Wondering what everyone's thoughts was of the event tonight, regarding Paul Graham's presentation on the unique aspects of any startup hub, and NYC's ascent into that category, the YC alumni startup presentations, networking, etc.
======
roqetman
I found the whole stage event engaging (every speaker held my attention). Took
me a little while to decode the color stripes on everyone's name-tags (my own
olive stripe seemed to represent something to do with databases), but at least
it gave a starting point for networking conversations. I found it amusing that
the startup speakers wanted to encourage people to start their own startups,
but almost apologetically also wanted people to join their startups instead. I
do wish that there had been an easier forum to speak to people who were
looking for developers etc. to join their startups (even a simple sheet/board
of paper stating who's looking, and what they're looking for would have been
good).

------
four
PG's presentation: characteristically focused, frank, funny, useful and well-
articulated. NYC's ascent: This is not really an important question. NYC's
scene is in good shape. YC alumni presentations: Just the right number, length
of time and variety. Less banner waving and more frank advice would have been
more useful. These guys don't need to promote themselves to us. Networking:
About as great as you could get. Event production: very high. MP stayed out of
the way, were there when we needed something.
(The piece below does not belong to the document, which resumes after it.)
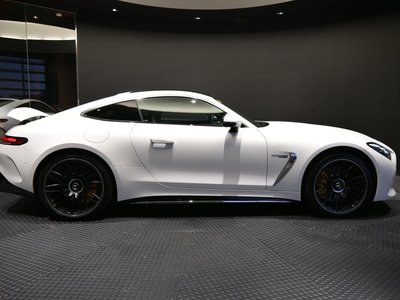 MERCEDES-BENZ GT AMG - 4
Good bathrooms and a coat check
were very nice. Good A/C! Good Job, Renee!

------
pp13
It was inspiring. I really didn't hear anything new. But it was great to
finally see PG and some of the other partners.

I would recommend going to one of these if it your first time. However, if you
have attended, you should be heads down creating something, inStead of just
going to another start up event.

the only thing I didn't like, is people interviewing you and then walking away
without telling you anything.

one guy told me "I am from Harvard". Lol